Record de chaleur : quelle est la part d’El Niño ?

La température globale a été exceptionnellement élevée depuis 2014 et plus particulièrement depuis mi-2015. Cela peut être attribué à la fois à la variabilité naturelle et à une tendance de fond au réchauffement climatique. Voici un compte-rendu des analyses livrées par les scientifiques pour expliquer ces dernières variations du climat.

Lorsque l’on cherche à interpréter les variations de température au niveau mondial, il est difficile de démêler la contribution de la variabilité naturelle de celle des facteurs anthropiques, principalement les gaz à effet de serre.

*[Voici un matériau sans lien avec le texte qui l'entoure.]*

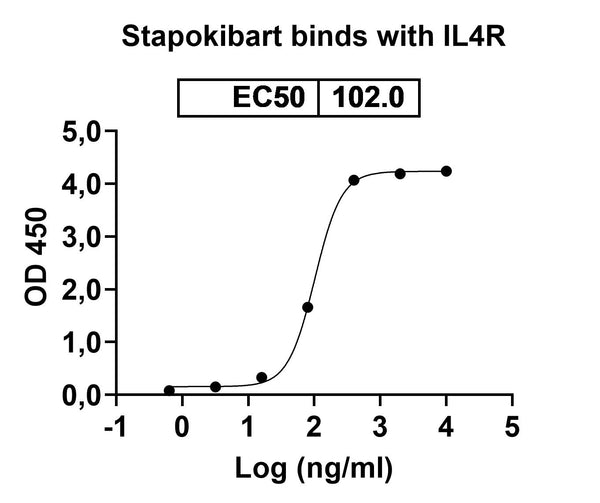Anti-Human IL-4R alpha Reference Antibody (Stapokibart) – Figure 1 of 2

Tout d’abord, on peut déjà rappeler quelques chiffres : avec +0,75°C au-dessus de la moyenne 1951-1980, un record global de chaleur avait déjà été battu en 2014, selon la NASA. Avec des archives qui remontent à 1880, on pouvait s’attendre à voir ce record durer mais il est tombé dès 2015 avec +0,87°C. Sur la première moitié de 2016, la température mondiale a encore augmenté, atteignant jusqu’à +1,32°C au mois de février.

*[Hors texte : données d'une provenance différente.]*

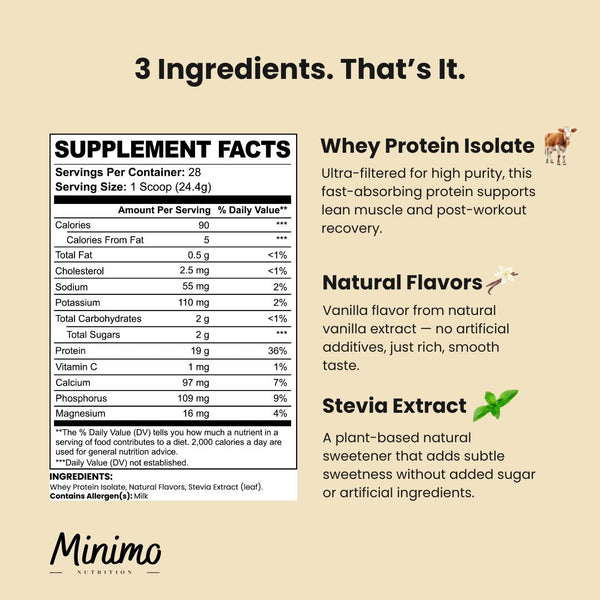 Vanilla Whey Isolate Protein Powder, 1.51 lbs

Il y a une tendance de fond au réchauffement en raison des émissions de gaz à effet de serre, mais pour expliquer la tendance observée depuis une dizaine de mois, trois principaux facteurs peuvent être avancés, selon l’ECMWF, le Centre européen pour les prévisions météorologiques à moyen terme :

  • Un phénomène El Niño exceptionnel qui a émergé en mars 2015.
  • Des températures de surface de la mer très élevées sur la majeure partie de la planète.
  • Une couverture de glace de mer réduite et des températures très élevées dans l’Arctique

El Niño et l’oscillation australe (ENSO) impliquent des échanges de chaleur importants entre l’océan et l’atmosphère et affectent les températures moyennes mondiales. L’événement 1997-1998 est à ce jour le plus important jamais enregistré. Celui de 2015-2016 est aussi à ranger parmi les plus gros observés.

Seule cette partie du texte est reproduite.